The reason for this? Well, there’s a few, but perhaps the most common is that budgeting is just outright boring. While some people find budgeting inherently satisfying, for most of us, there’s little interest to be gleaned from moving numbers around on a screen. There’s hundreds of other far more interesting, or pressing, things that you could be doing with your time, so budgeting inevitably falls by the wayside.

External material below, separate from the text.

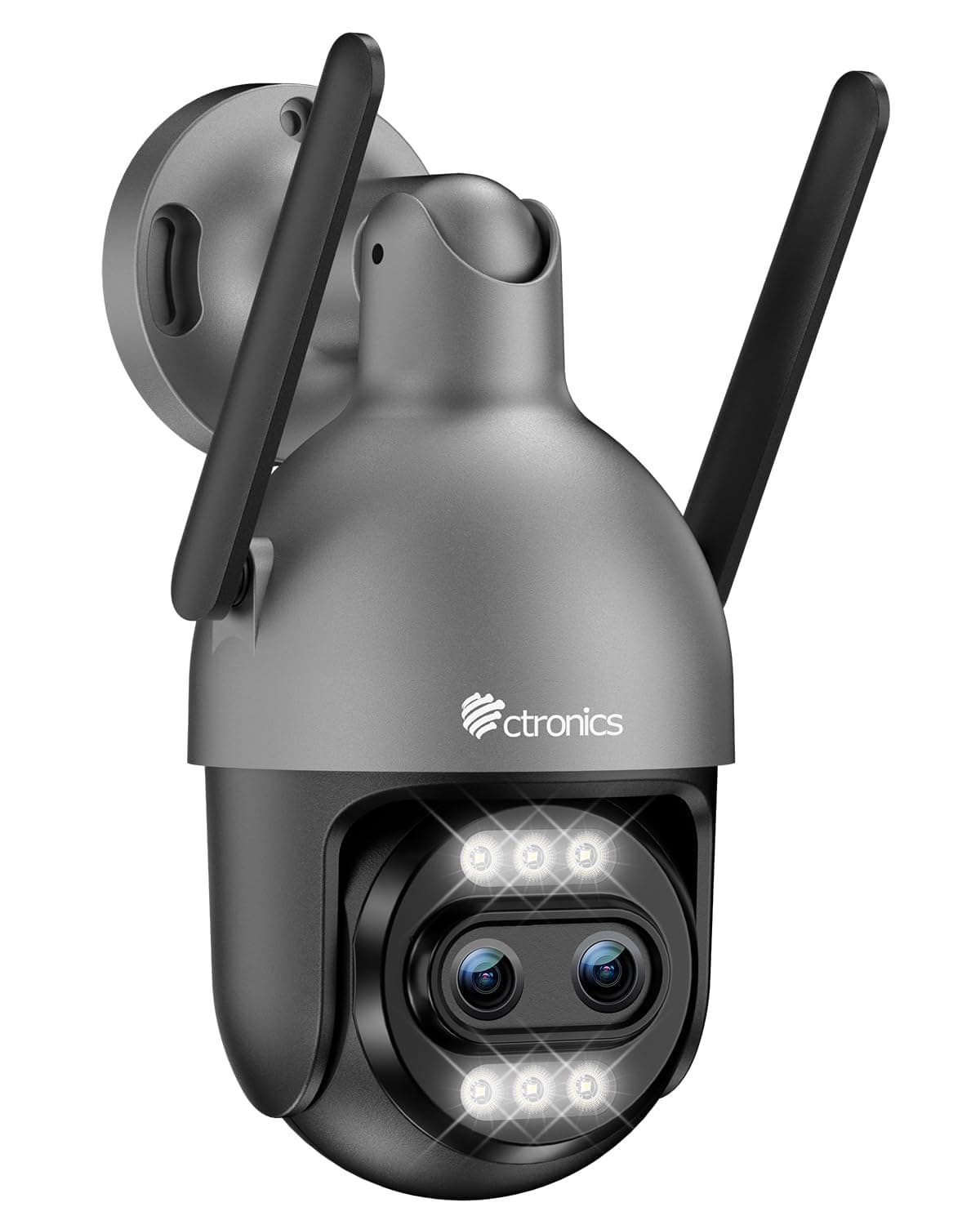 Ctronics 10X Zoom Ibrido 4K Telecamera Wi-Fi Esterno Metallo, Doppio Obiettivo, Auto Track/Rilevamento Persone/Veicoli/Ani, 2,4/5GHz WiFi, 256GB TF/Cloud/PC, Visione Notturna Colori, IP66 (Grey)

However, the eternal truth that budgeting is a good idea is undeniable— so here’s a few suggestions as to how you can make budgeting work for you and your family:
1) Keep it flexible
A rigorous budget might sound like a great idea, but it’s incredibly difficult to stick to. If you want to ensure you still have room for spontaneity in your life, then keep a minimal budget for the essentials (such as bills, insurance payments, etc.) and free-flow everything else. When you get into the habit of doing this, budgeting in other areas will begin to feel more natural.
2) Don’t do it alone
A spreadsheet and a calculator are not the only tools available to you if you want to budget effectively, so make the most of the options out there. There are countless apps you can use to help keep tabs on your spending, and this LearnVest review makes it clear there’s much to be gained from budgeting tools. The easier it is to budget, the more likely you are to stick to it, so make use of the options available to you.
3) Set a budget schedule
One of the best things about budgeting is that it makes life straightforward; you know the way your finances are mapped out for the month, and you can free yourself from financial thoughts for the vast majority of the time. However, many people make the mistake of seeing budgeting as a constant requirement, and will spend hours tweaking and changing their budget as the month progresses. Don’t do this: set a budget you can stick to once per month, and don’t deviate or change it. If there’s something you wish you’d done differently, make a note of it so you can make a change when you do next month’s budget.
4) Allow a contingency
A sudden, unexpected expense is a surefire budget breaker, so a contingency fund is an essential. This should be an amount you can use in an emergency, and it should be kept separate from your main household savings. If you get to the end of the month and you haven’t used your contingency, then you can either save it, or treat the kids to a fun day out.